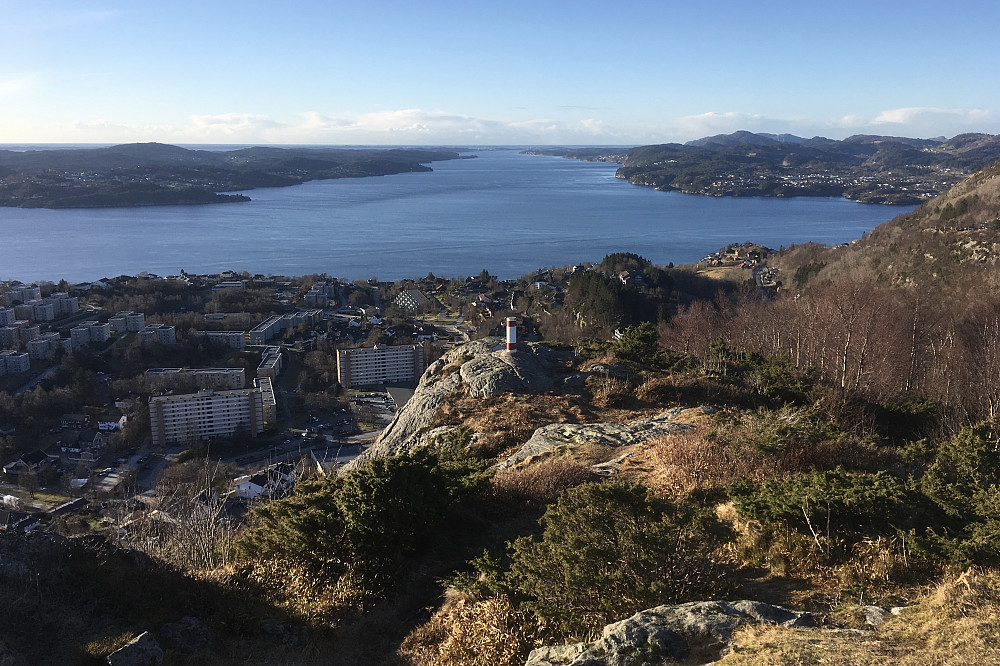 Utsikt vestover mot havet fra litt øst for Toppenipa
--
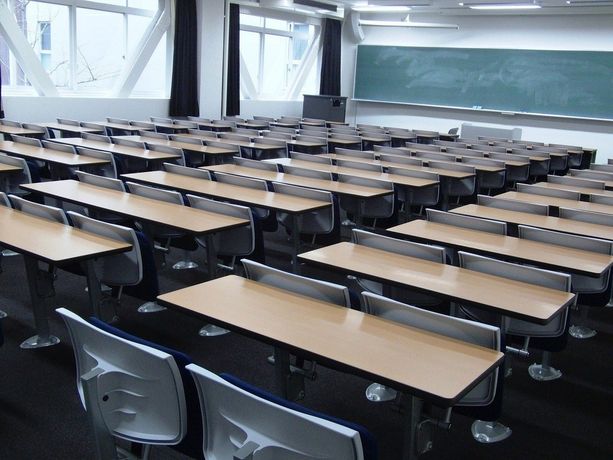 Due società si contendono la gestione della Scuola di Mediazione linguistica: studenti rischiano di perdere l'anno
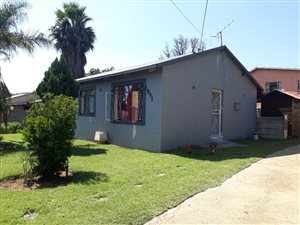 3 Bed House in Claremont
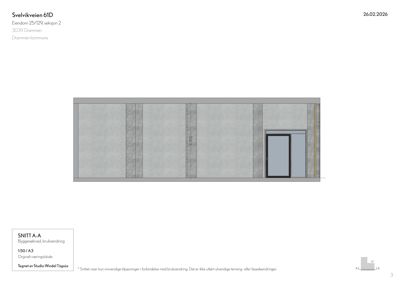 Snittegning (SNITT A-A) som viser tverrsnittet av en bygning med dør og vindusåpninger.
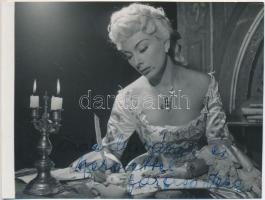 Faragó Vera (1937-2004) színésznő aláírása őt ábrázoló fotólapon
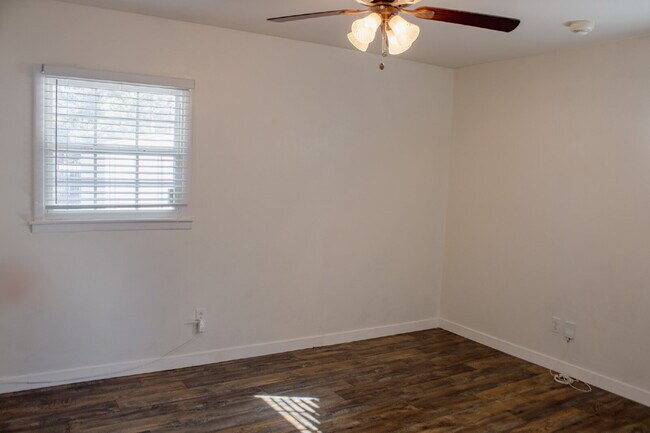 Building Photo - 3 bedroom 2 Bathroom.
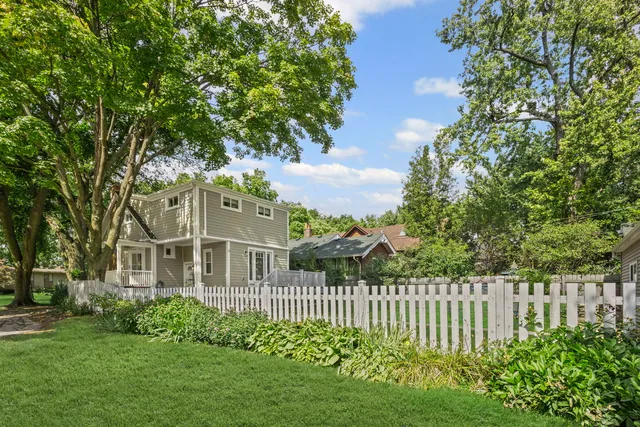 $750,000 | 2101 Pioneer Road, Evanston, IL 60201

» Your goal
Make an exact copy of the lines above, beginning with the line with "Due società si" and ending with the line with "Snittegning (SNITT A-A)", and keep the pictures out of it.

» Solution for this problem
 Due società si contendono la gestione della Scuola di Mediazione linguistica: studenti rischiano di perdere l'anno
 3 Bed House in Claremont
 Snittegning (SNITT A-A) som viser tverrsnittet av en bygning med dør og vindusåpninger.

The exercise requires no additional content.